英語で国際交流論について

■[教育][言語教育論]「英語で国際交流」って実はけっこう失礼なことじゃない???

 terracaoさんの記事を読みながら

カリキュラム・ポリティックス―現代の教育改革とナショナル・カリキュラム

カリキュラム・ポリティックス―現代の教育改革とナショナル・カリキュラム

の中の長尾彰夫氏の次のような指摘を思い出した。

 わが国においては、共通の文化、共通のカリキュラム、共通の民族、共通の日本といった同質性(homogeneity)が暗黙のうちに前提され、肯定されている場合がしばしば見うけられる。そして暗黙の同質性を前提にした多様化は、それがいかに異質性(heterogeneity)を含むかにみせかけつつも、その実は単なる同質性のなかでの差異化にしか過ぎぬものになっていく。そしてそのような差異化は多様性が本来的にもっているダイナミズムを持つことができない。そればかりか、暗黙の同質性を前提にした単なる差異の一面的強調は、その前提としている同質性への目をくらませ、それへの批判を封じこめていくことにすらなっていく。

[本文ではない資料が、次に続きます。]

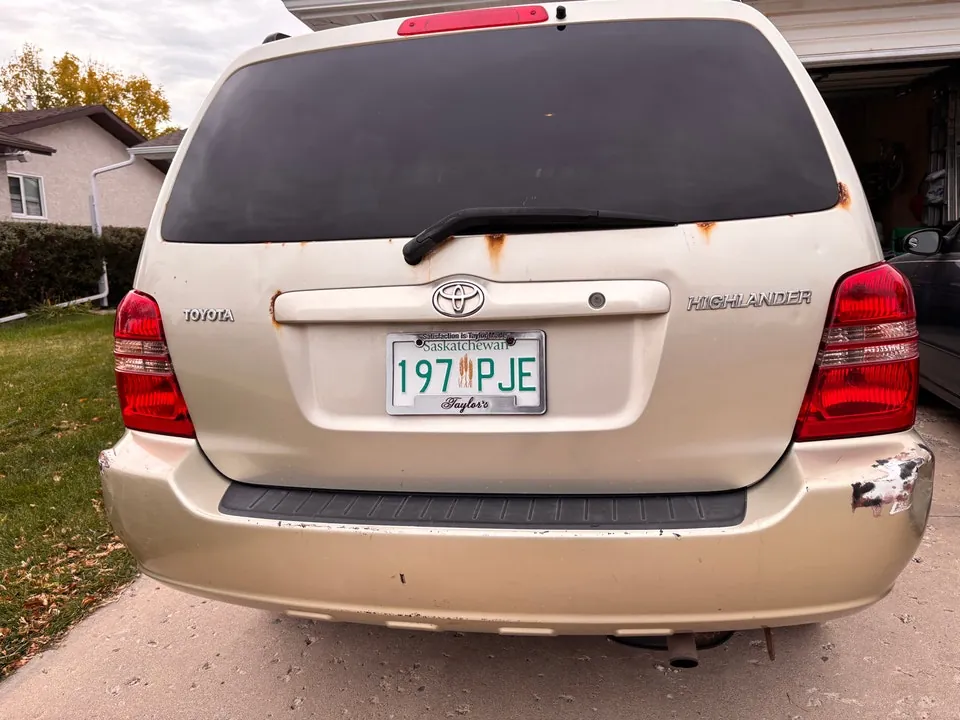 Toyota Highlander 2003 photo 4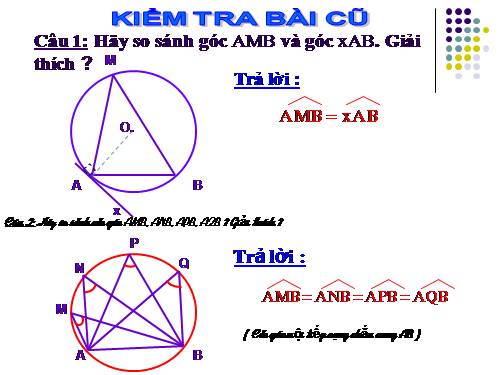 Chương III. §6. Cung chứa góc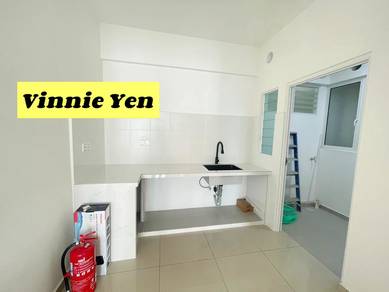 Havana Residence 1carpark Partly Furnished @ Bayan Lepas Airport Ftz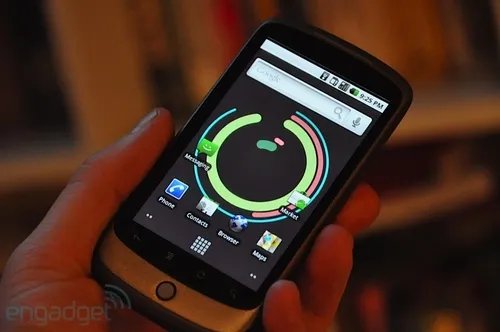 海量高清图 Google Nexus One抢先评测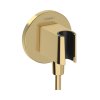 Hansgrohe FixFit S Przyłącze węża z uchwytem złoty optyczny polerowany 26888990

 「英語で国際交流論」は、多様化ではなく、「単なる同質性のなかでの差異化」に過ぎない。だから、英語を学ぶことで他国についての理解を深めるのではなく、他国と自国との「差異」を強調するだけ。
 さらに、前にも少し書いたが、言語や文化が自分たちや他国の人たちにとってどのような意味をもつのかというようなことを考えたり、学ぶことをしないから、「同化主義」的な教育を外国籍の子どもたちへ何の躊躇も何の配慮もなく行ってしまう。
 「英語で国際交流論」は英語教育推進のための方便であり、そのような国際交流論は、逆に国際理解を妨げるものとなる。